Sunday, September 11, 2011

Blood Orange Marmalade
















ORANGE MARMALADE  (BLOOD ORANGE) 
FROM GATEWAYS INN, LENOX,MA.


INGREDIENTS:

            3 BLOOD ORANGES
            4 CUPS OF WATER
            ZEST AND JUICE OF 2 LEMONS
            3-4 CUPS OF SUGAR, AS NEEDED


DIRECTIONS:

1. SCRUB ORANGES. CUT IN HALF LENGTHWISE AND SLICE AS THINLY AS POSSIBLE. CUT SLICES INTO EIGHTHS, RESERVING ALL JUICE. IN A MEDIUM BOWL, COMBINE SLICES AND THE LEMON ZEST AND THE WATER. COVER AND LET STAND FOR AT LEAST 12 HOURS.

2. TRANSFER THE MIXTURE TO A LARGE STAINLESS STEEL SAUCEPAN OVER MEDIUM HEAT. SIMMER  30 MINUTES THEN ADD THE LEMON JUICE.
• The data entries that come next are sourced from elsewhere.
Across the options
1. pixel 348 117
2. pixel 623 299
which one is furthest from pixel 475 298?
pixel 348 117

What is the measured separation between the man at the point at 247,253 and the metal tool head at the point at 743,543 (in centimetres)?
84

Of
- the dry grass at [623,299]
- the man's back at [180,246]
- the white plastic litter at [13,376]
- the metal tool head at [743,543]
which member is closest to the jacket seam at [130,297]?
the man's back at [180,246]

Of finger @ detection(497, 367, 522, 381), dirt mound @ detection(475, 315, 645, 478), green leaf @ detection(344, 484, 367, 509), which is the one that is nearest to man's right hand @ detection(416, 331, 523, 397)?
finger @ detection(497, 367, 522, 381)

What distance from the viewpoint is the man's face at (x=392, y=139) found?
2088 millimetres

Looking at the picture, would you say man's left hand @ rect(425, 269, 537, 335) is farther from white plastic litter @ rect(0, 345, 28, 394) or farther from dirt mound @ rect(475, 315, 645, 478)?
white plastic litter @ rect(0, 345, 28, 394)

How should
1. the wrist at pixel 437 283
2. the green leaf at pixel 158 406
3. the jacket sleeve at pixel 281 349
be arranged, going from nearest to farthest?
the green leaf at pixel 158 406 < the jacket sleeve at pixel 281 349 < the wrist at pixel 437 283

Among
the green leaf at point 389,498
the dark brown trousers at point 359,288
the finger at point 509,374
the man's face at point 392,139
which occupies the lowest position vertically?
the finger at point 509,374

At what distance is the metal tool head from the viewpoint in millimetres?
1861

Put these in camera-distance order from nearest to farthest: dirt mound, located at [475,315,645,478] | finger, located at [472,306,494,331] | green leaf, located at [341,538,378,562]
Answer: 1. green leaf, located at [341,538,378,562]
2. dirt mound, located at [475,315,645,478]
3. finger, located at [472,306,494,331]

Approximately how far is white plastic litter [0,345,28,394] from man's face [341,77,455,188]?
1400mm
3. MEASURE THE TOTAL VOLUME OF THE MIXTURE OF FRUIT AND LIQUID AND ADD 3/4 CUP OF SUGAR FOR EVERY CUP OF MIXTURE.  STIR TO DISSOLVE AND BRING TO A BOIL OVER HIGH HEAT. BOIL 30 TO 60 MIN. UNTIL THE TEMP OF THE MIXTURE REACHES
221 DEG. F.  OR FALLS FROM A SPOON IN SHEETS.
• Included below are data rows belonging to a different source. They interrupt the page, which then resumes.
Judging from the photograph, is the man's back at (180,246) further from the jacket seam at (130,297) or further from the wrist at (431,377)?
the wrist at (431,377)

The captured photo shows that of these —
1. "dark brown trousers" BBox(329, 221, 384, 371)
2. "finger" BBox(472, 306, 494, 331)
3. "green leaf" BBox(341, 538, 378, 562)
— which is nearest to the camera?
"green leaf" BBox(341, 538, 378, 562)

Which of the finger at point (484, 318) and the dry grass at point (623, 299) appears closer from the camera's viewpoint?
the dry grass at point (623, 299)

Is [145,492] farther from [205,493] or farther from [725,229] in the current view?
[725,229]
4. POUR INTO STERILIZED JARS, SEAL AND COOL. YIELD -- 3   8-OUNCE JARS.

NOTE:   I  USED 5 ORANGES , 3 LEMONS  AND THE PROPORTIONAL AMOUNTS OF WATER AND SUGAR. IT WORKED WELL WITH A YIELD OF 7 SMALL JELLY JARS.